====== The data
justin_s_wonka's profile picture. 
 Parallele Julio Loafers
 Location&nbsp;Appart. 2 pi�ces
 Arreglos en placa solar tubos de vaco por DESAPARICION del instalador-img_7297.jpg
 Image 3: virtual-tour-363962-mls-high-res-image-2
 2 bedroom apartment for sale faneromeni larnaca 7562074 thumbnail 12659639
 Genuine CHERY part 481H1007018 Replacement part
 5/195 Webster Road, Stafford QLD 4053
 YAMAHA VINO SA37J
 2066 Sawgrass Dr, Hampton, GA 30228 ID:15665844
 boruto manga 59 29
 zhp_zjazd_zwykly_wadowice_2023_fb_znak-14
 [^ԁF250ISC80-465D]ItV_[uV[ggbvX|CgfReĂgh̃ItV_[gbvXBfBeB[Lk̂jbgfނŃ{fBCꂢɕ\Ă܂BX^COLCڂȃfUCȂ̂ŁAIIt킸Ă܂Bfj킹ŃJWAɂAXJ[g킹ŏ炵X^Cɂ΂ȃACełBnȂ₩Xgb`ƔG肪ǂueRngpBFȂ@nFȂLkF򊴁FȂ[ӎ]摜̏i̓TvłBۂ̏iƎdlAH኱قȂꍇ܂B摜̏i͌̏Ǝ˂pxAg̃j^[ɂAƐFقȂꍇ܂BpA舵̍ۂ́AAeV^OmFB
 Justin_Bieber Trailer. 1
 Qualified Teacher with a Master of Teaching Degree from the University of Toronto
============
Task to carry out —
All lines from the one holding "Justin_Bieber Trailer. 1" through the final line of the material must be set down exactly, and nothing else may be added.

Your response —
 Justin_Bieber Trailer. 1
 Qualified Teacher with a Master of Teaching Degree from the University of Toronto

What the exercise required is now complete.